Re: Why XML data typing is hard

David Brownell (db@Eng.Sun.COM)
Mon, 30 Nov 1998 14:40:30 -0800


Toby Speight wrote:
>
> Henry> Henry S. Thompson <URL:mailto:ht@cogsci.ed.ac.uk>
>
> Henry> In other words, if there are (natural) language/culture dependent
> Henry> aspects to our documents, then if we are good citizens we should
> Henry> use the xml:lang attribute to signal this.

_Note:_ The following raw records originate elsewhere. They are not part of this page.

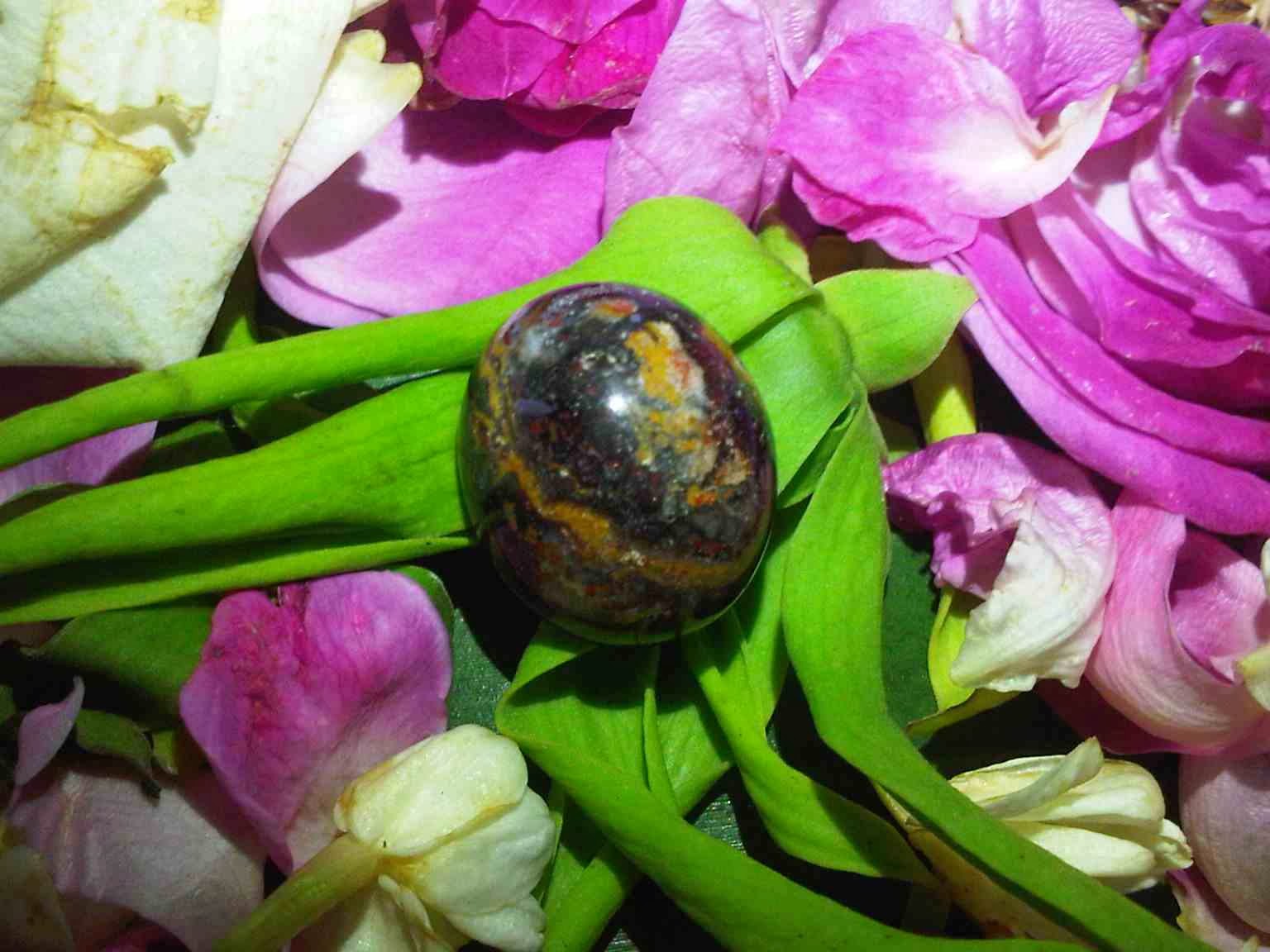 MUSTIKA SEDULUR PAPAT LIMO PANCER Pemaharan Benda MUSTIKA SEDULUR PAPAT LIMO PANCER Pemaharan Benda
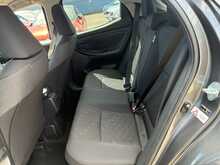 Toyota Yaris VVT-h Design - U44489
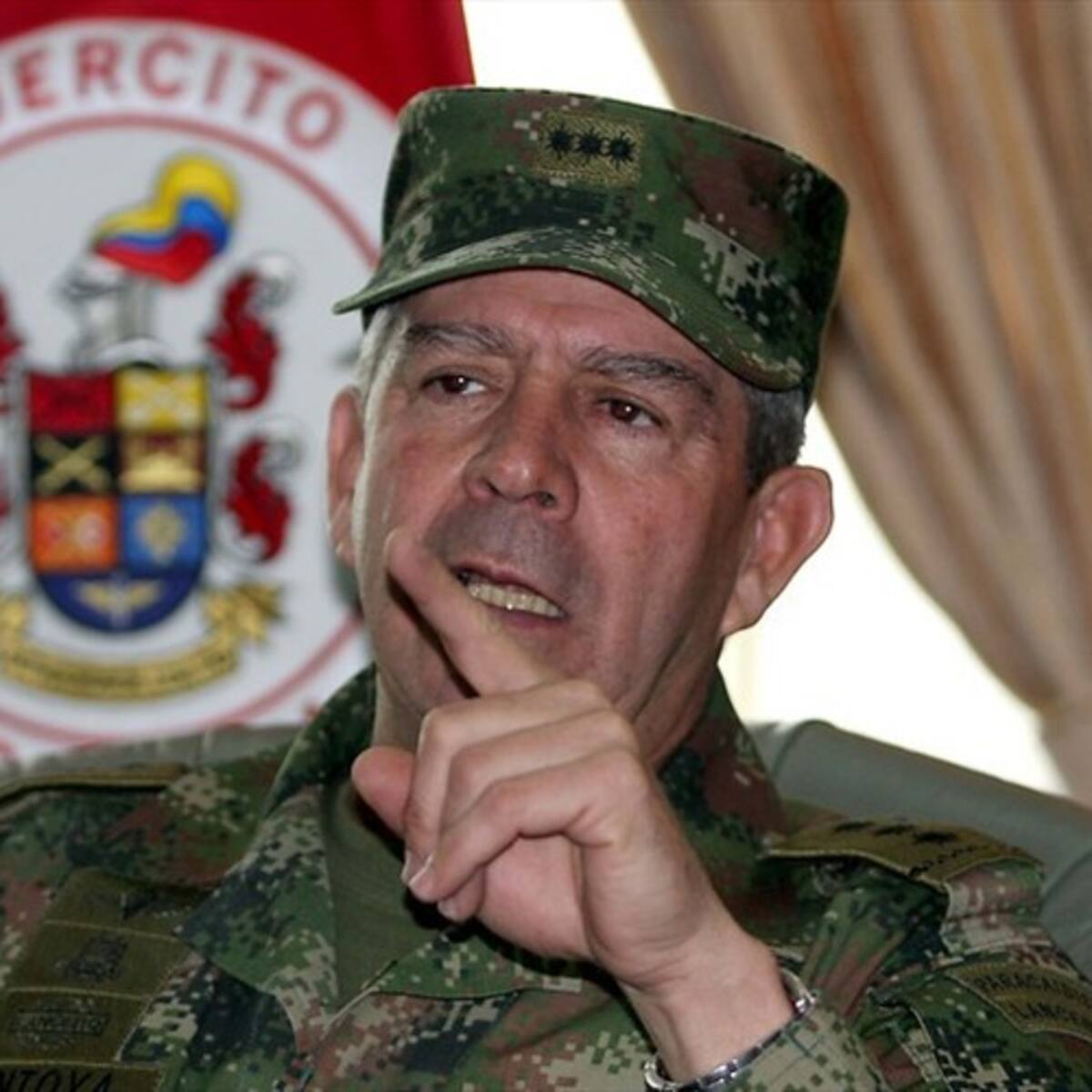EE.UU. prohíbe entrar al país al general (r) Mario Montoya por casos de falsos positivos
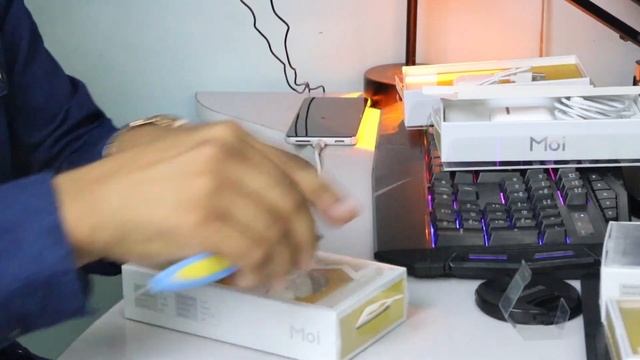 السماعات لي دارو ضجة في السوق المغربي Moi #casablanca #eljadida #MOI #smart смотреть онлайн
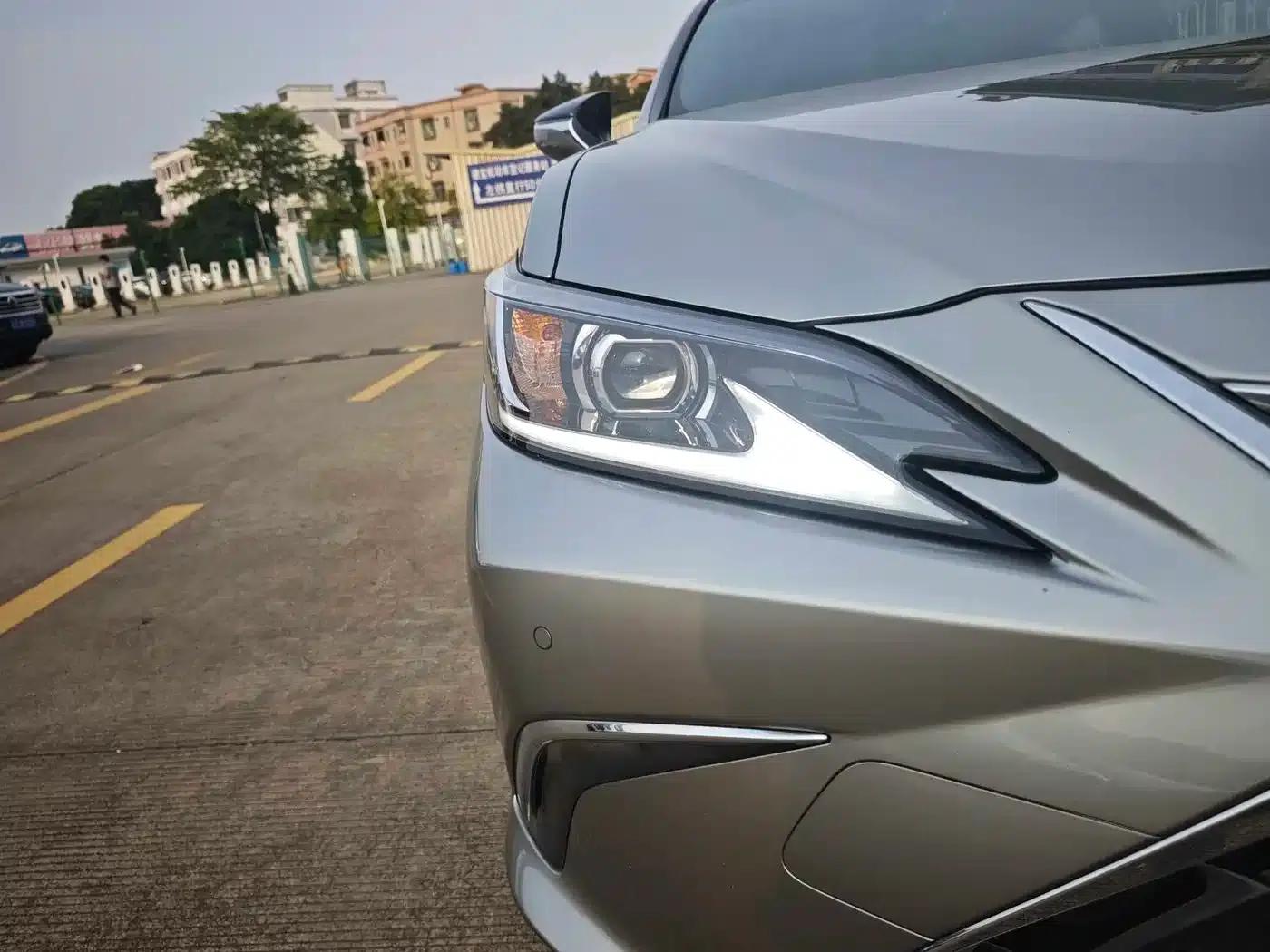 Lexus ES 2024 200 Premium Edition — миниатюра 6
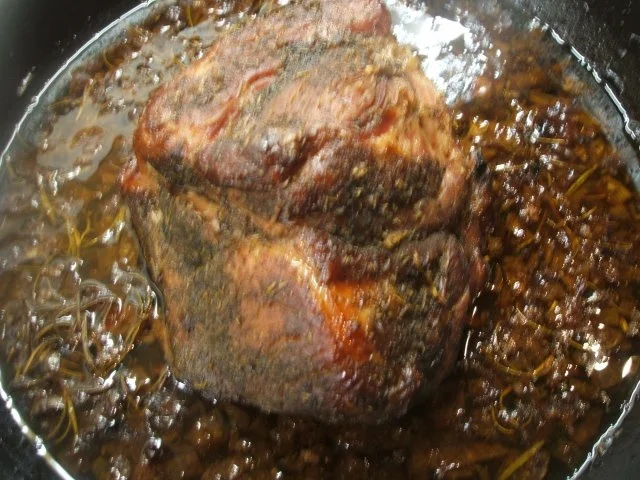 Rezept: Fleisch: Rosmarinbraten in Biersoße mit Honigspätzle Bild Nr. 10 Fleisch: Rosmarinbraten in Biersoße mit Honigspätzle - Rezept - Bild Nr. 10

A good "if" ... related: "if" the document is directly created or
consumed by humans, we should use some locale tagging. ("xml:lang"
identifies language, not locale!)

> It looks attractive at first sight, but think of the burden you're
> placing on processors ... readers now
> need to know (enough about) *all* the locales from which they might
> receive data.

I'd contend that the "float" (or "r4") data _type_ doesn't have any
such localization issues. IEEE floating point is a binary spec, and
nobody's proposed not assuming IEEE floating point.

Rather, this issue is an encoding issue. By and large, having just
one (canonical) form is a lot easier for programs to deal with: smaller
code, easier to debug, faster in normal cases, and so on.

But: is this data being generated by/for programs, or people? People
have different priorities than programs.

- Dave